Tantalum and niobium

Tantalum is considered to have low supply risk in the JRC study, although this risk has increased since the third CRM list was published. The critical stage for tantalum is extraction, since a considerable amount is sourced from the Democratic Republic of Congo and Rwanda, two countries with a very high ranking in the World Governance Index (7.6 and 5.2, respectively). On the other hand, the end-of-life recycling input rate for tantalum is said to be minimal and its economic importance is increasing in capacitors, electro-optical systems and gas turbine engines.

Niobium has seen significant increases in both supply risk and economic importance since the 2017 report was published. Niobium is mentioned as potentially becoming essential to electric batteries, which could make it a crucial technology with relevance in all strategic sectors considered by the EU, including Renewables, E-Mobility, Defence and Space (see Figure 3).

Figure 4: The JRC study looks at the use of CRMs in various sectors, for example a combat aircraft (image: JRC)

Conclusions

Raw materials, even if not classed as critical, are important for any economy, whether mined domestically or imported from aboard, since they are at the beginning of manufacturing value chains. Their availability may quickly change in line with trade flows or trade policy developments, geopolitical changes or force majeure events. The EU believes that these risks underline a general need of diversification of supply and the increase of recycling rates of all raw materials.

Defining “critical” raw materials is highly subjective4and depends on the interrelationships between raw materials, intermediate products and finished goods within the territory in question. What some consider critical may not be a concern for others in possession of different natural resources and consumption habits. However, while comparisons between CRM lists can be challenging, there can be no doubt that dispassionate, reasoned assessment of a market by fresh eyes can sometimes offer a new perspective or demystify an opaque corner of the market, offering food for thought to those of us who are involved in the global commodities markets.

 

Notes:

1. European Commission, Study on the EU’s list of Critical Raw Materials (2020), Publications Office of the European Union, Luxembourg, 2020. https://doi.org/10.2873/398823, https://rmis.jrc.ec.europa.eu/uploads/CRM_2020_Report_Final.pdf.

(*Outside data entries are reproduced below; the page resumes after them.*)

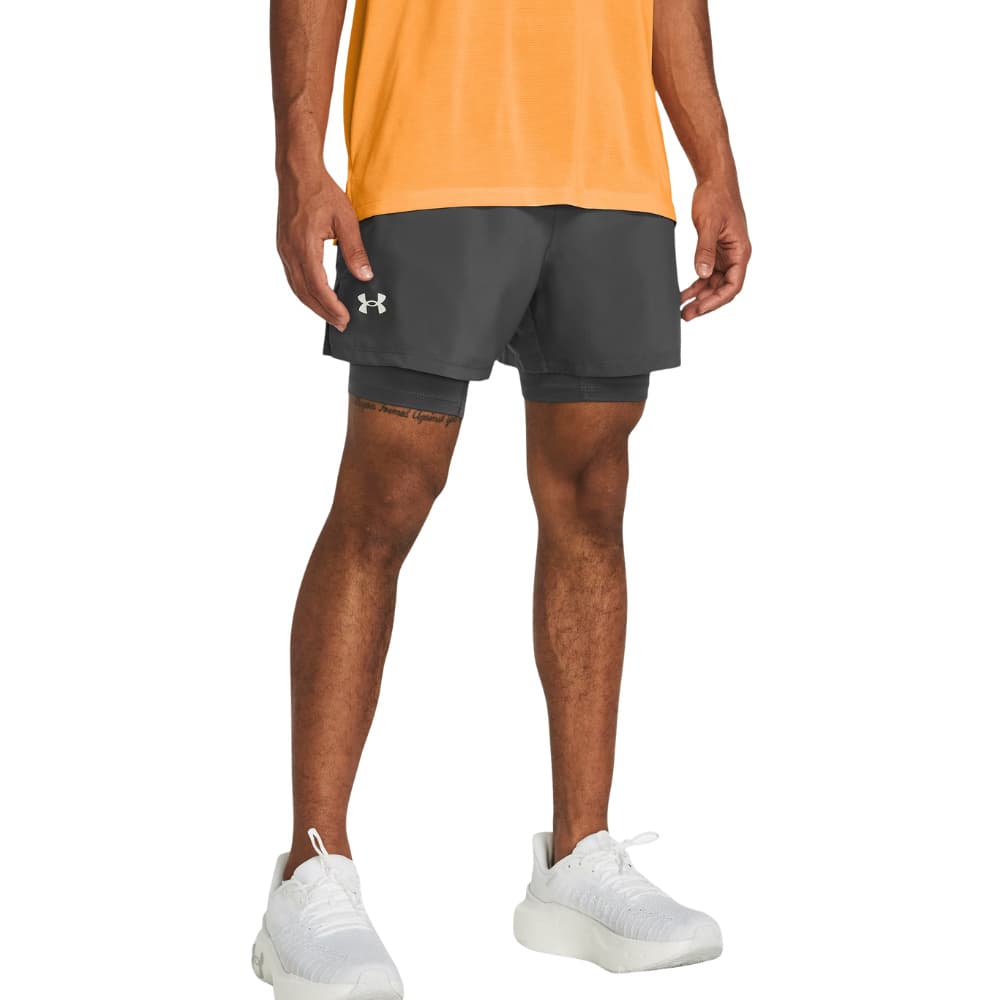 UA Launch 5'' 2-In-1 Shorts Castlerock, view: 4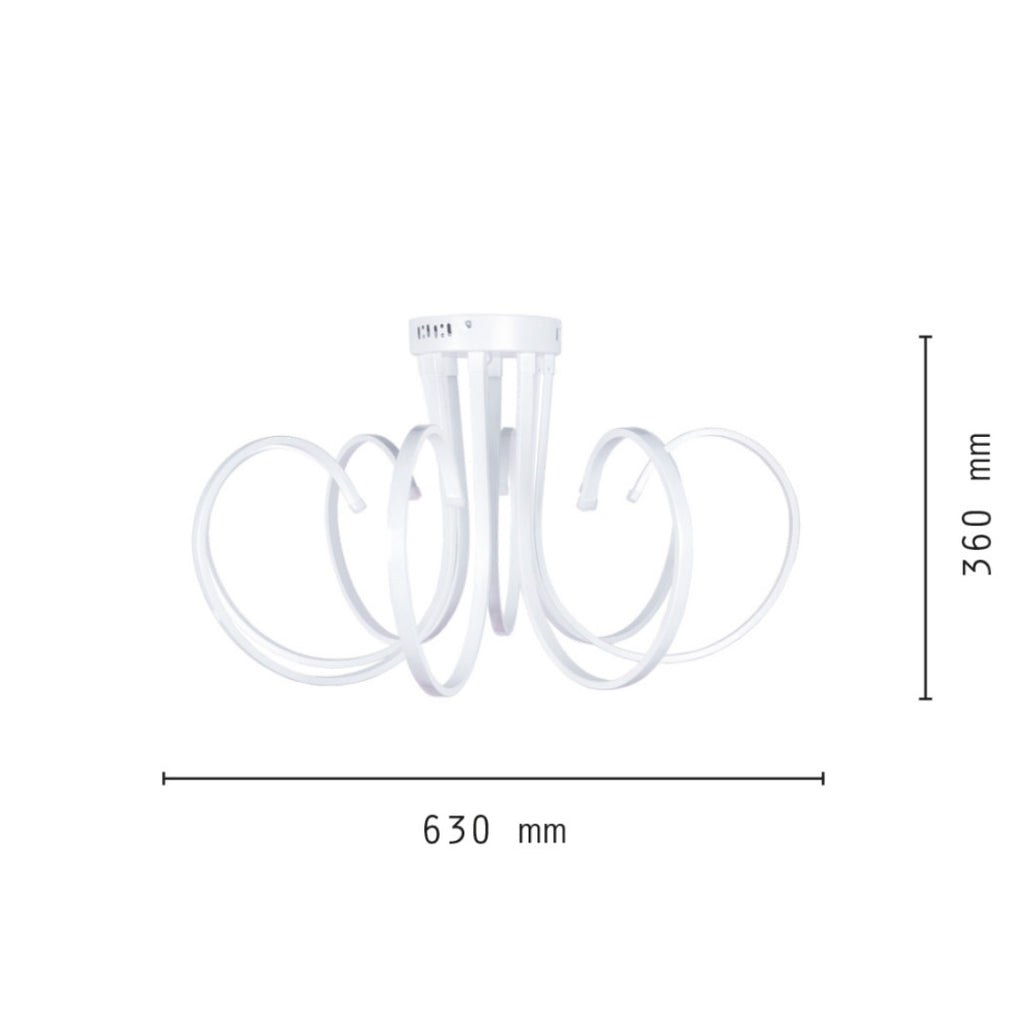 Lámpara lámpara lámpara 8 neón luz led techo suspensión moderno colgante diseño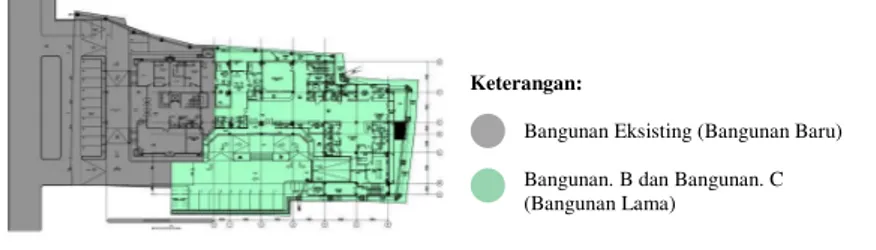 Gambar 6. Analisa zona vertikal pada lantai basement hingga lantai 4  pada BBKPM   (Sumber : Data Perencana, 2016, sudah diolah) 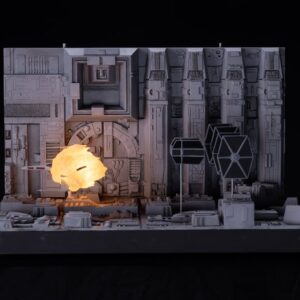 Star Wars Movie Moments Mini Scale Diorama Trench Run 23 cm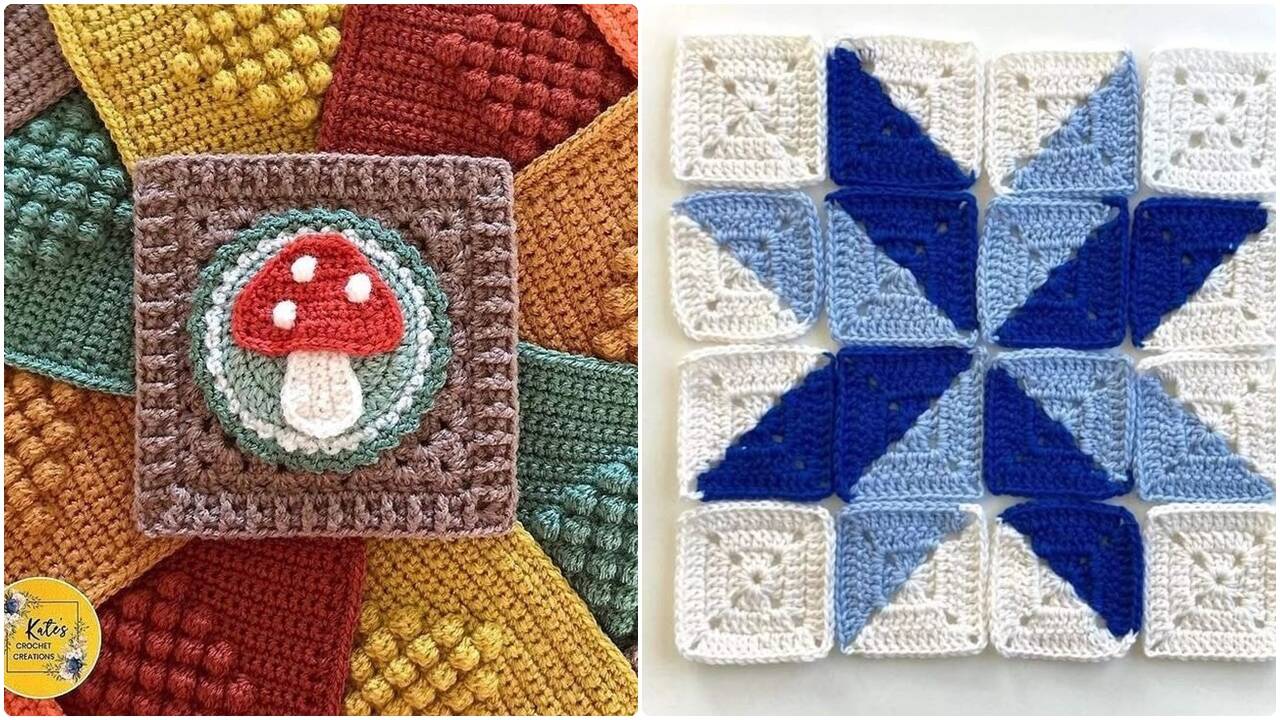Encante-se com 15 Squares de Crochê que Bombaram na Internet!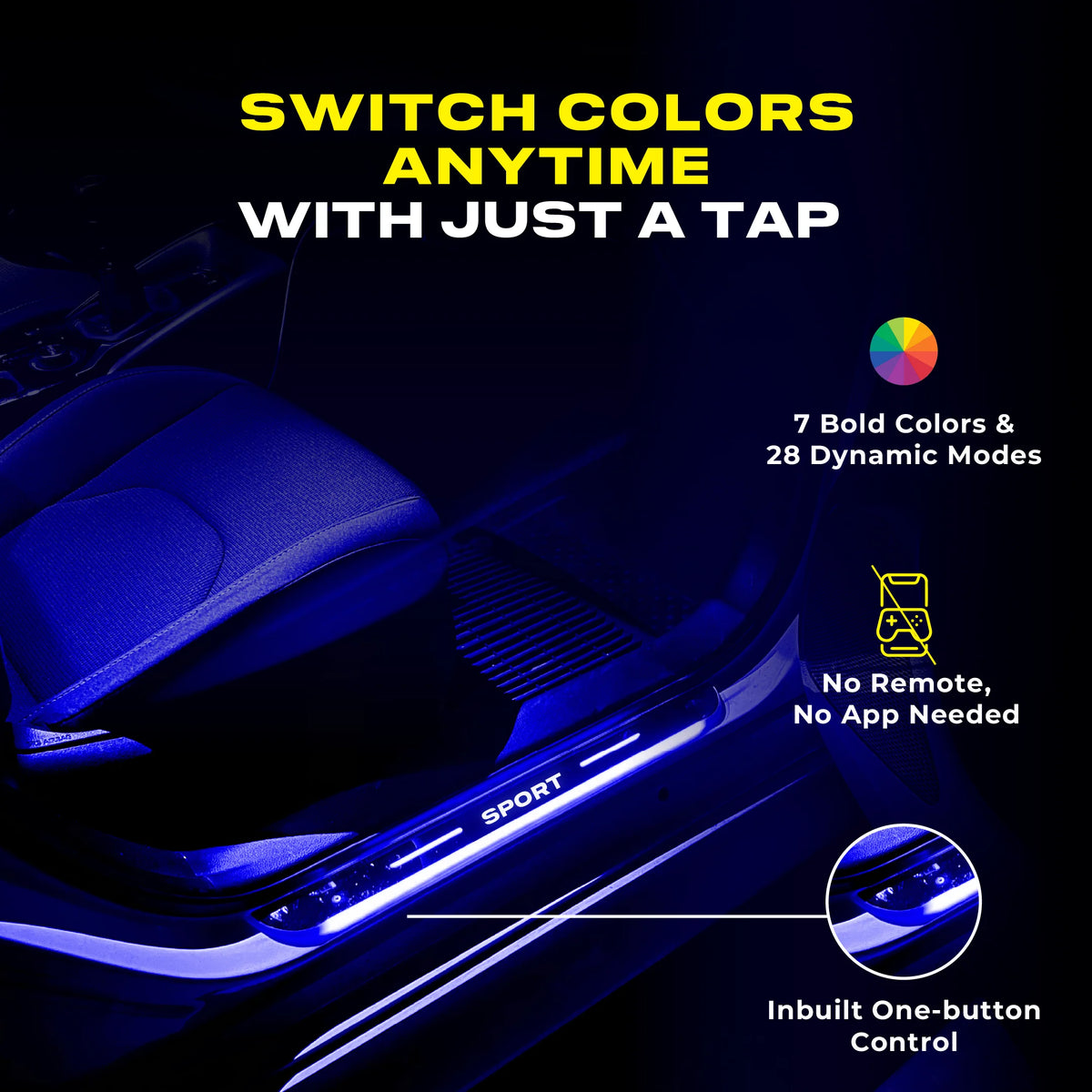 LED Door Light Pedals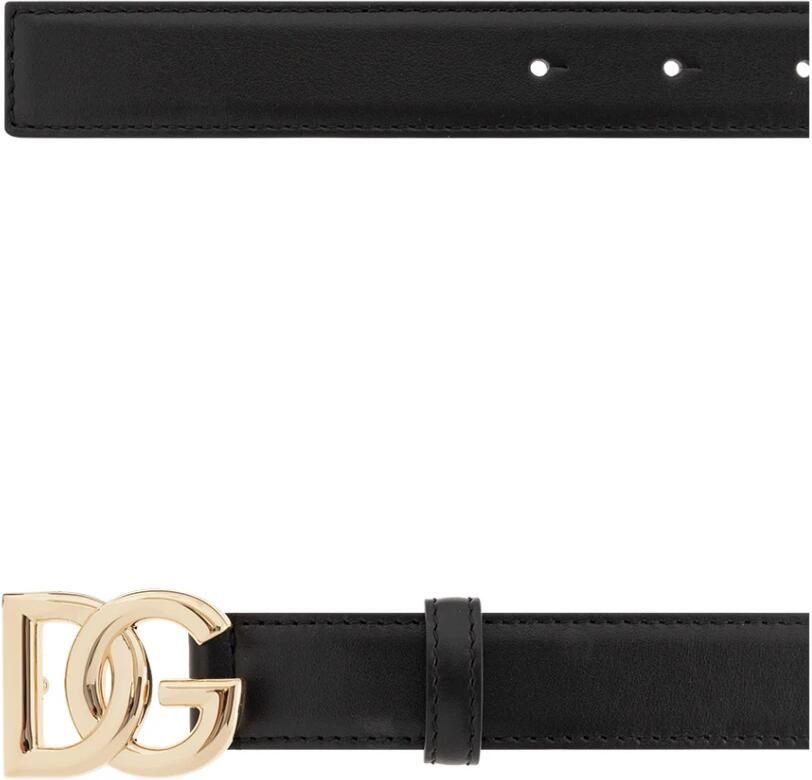 Dolce & Gabbana Zwarte Leren Riem Stijlvolle Accessoire Black - Foto 2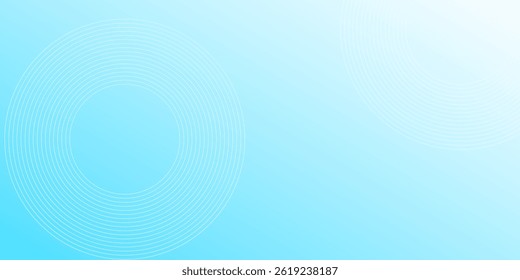 blue background with white circle rings in faded distressed vintage grunge texture design  old geometric pattern paper.art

2.The methodology uses the following data priority for the calculations: official EU data; Member State authorities’ public data; public data from international organisations and non-EU authorities (e.g. USGS); and only “exceptionally, as a last option, and if duly justified” will they consider trade/industry associations’ public data and expert judgement.

3.“Critical Raw Materials for Strategic Technologies and Sectors in the EU - A Foresight Study (2020)”, available to download at https://rmis.jrc.ec.europa.eu/uploads/CRMs_for_Strategic_Technologies_and_Sectors_in_the_EU_2020.pdf

4.As a fictional example, if a dragon was asked to define ‘critical raw materials’ it would almost certainly say “Gold!” (hence the cover of this magazine), at least according to J.R.R. Tolkien (see The Hobbit).